• ACTION ITEM
I would like the lines below, from the one with "Buck 055 Yellowhorse" through the one with "Crane Japanese Style", copied exactly and without any pictures.

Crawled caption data
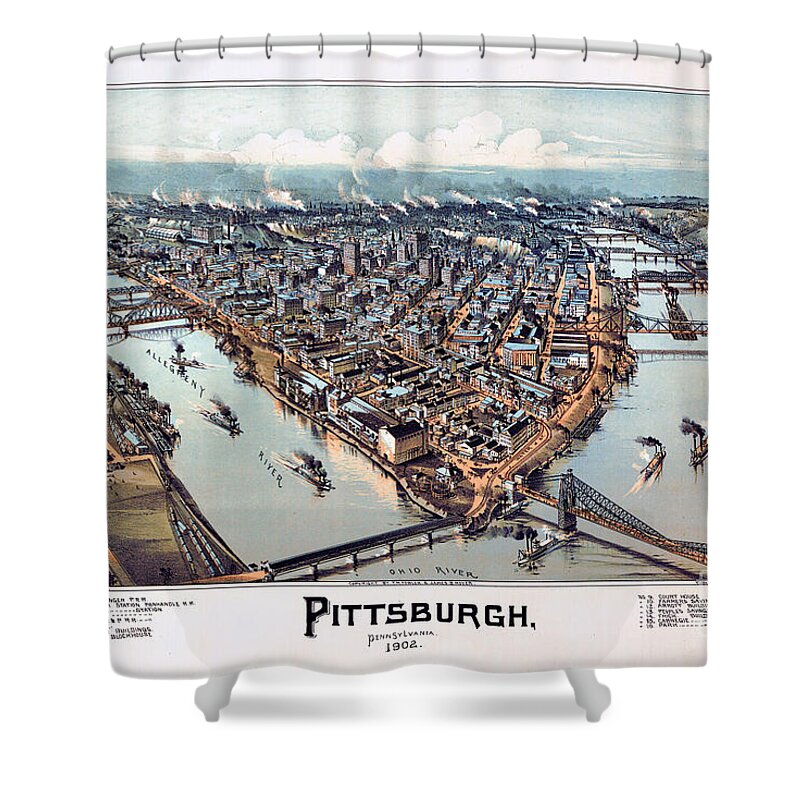 Pittsburgh Shower Curtain featuring the drawing Pittsburgh Pennsylvania 1902 by Vintage Treasure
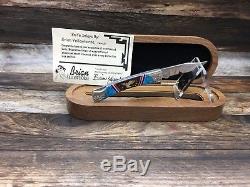 Buck 055 Yellowhorse Brass Eagle Knife Mint With COA & Wood Display Case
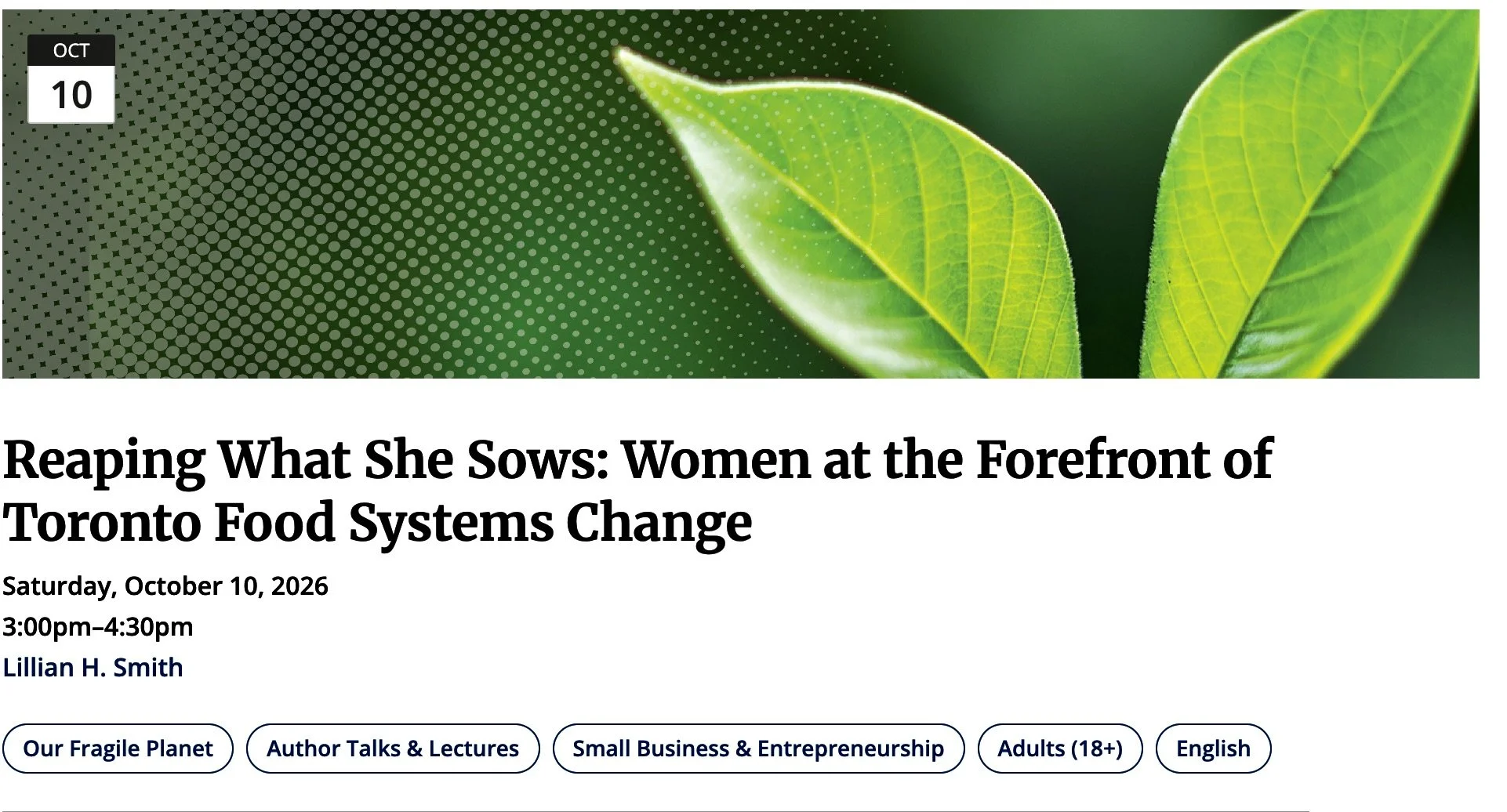 Reaping What She Sows: Women at the Forefront of Toronto Food Systems Change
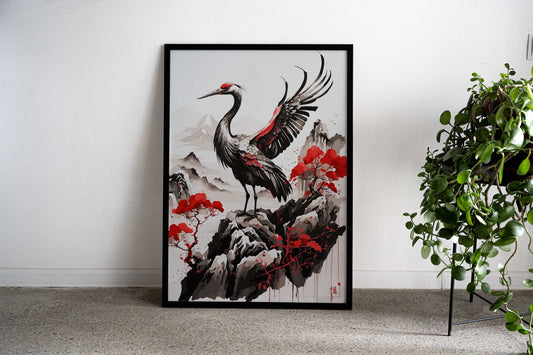Crane Japanese Style Asian Style Poster | Wall Art for Home & Office | High-Quality Print - High-Quality Visual Display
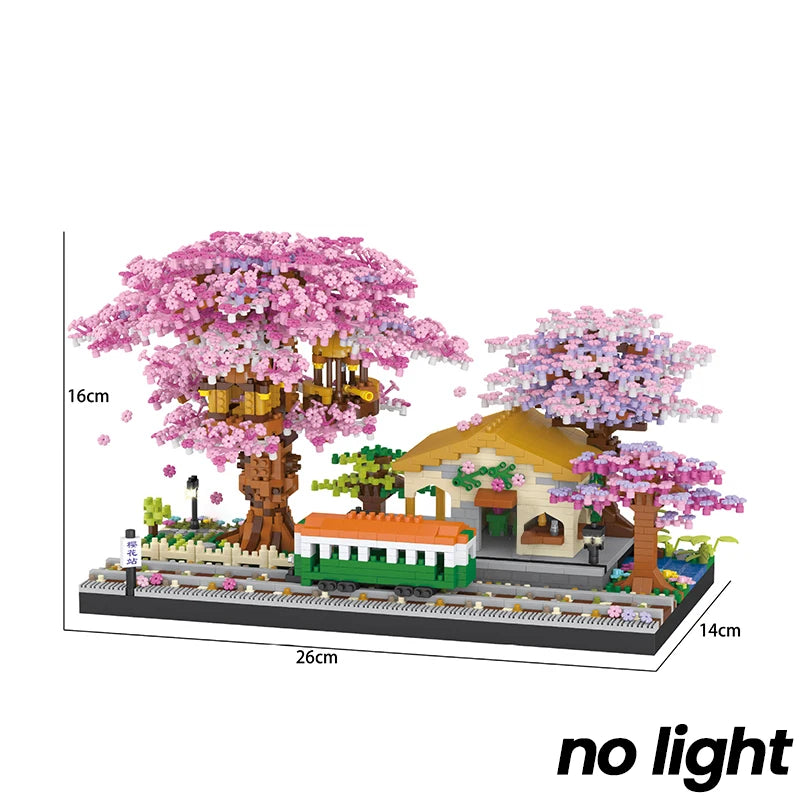 Mini Sakura Ağacı Yapı Taşları Seti - Işıklı Kiraz Çiçeği ve Ağaç Ev Modeli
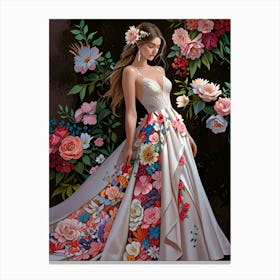 Floral Wedding Dress 1 Canvas Print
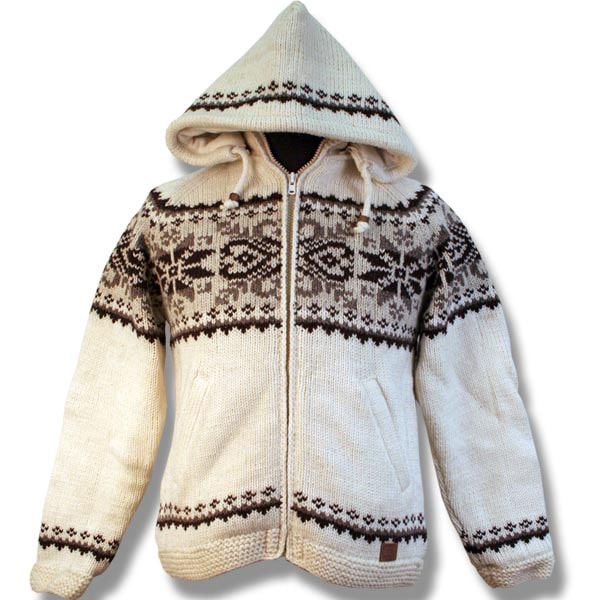 Products Wool Jacket Snowflake with Zip Off Hood for men and women. Snowflake Almond / Beige. Adult wool sweater winter jacket for men and women Canada souvenir design handmade adult wool sweater winter Jacket for men and women Canada souvenir design handmade northern lifestyle Canada 100%wool easy online shopping coat vest Nepal best quality winter spring all seasons Outwear.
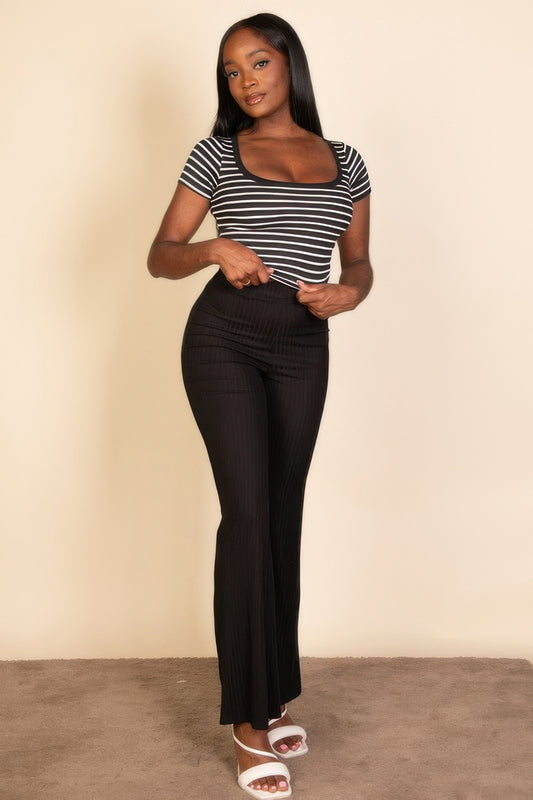 Ribbed Tight Knitted Striped Square Neck Short Sleeve T Shirt - Tigbul's Variety Fashion Shop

• FINISHED TASK
 Buck 055 Yellowhorse Brass Eagle Knife Mint With COA & Wood Display Case
 Reaping What She Sows: Women at the Forefront of Toronto Food Systems Change
Crane Japanese Style Asian Style Poster | Wall Art for Home & Office | High-Quality Print - High-Quality Visual Display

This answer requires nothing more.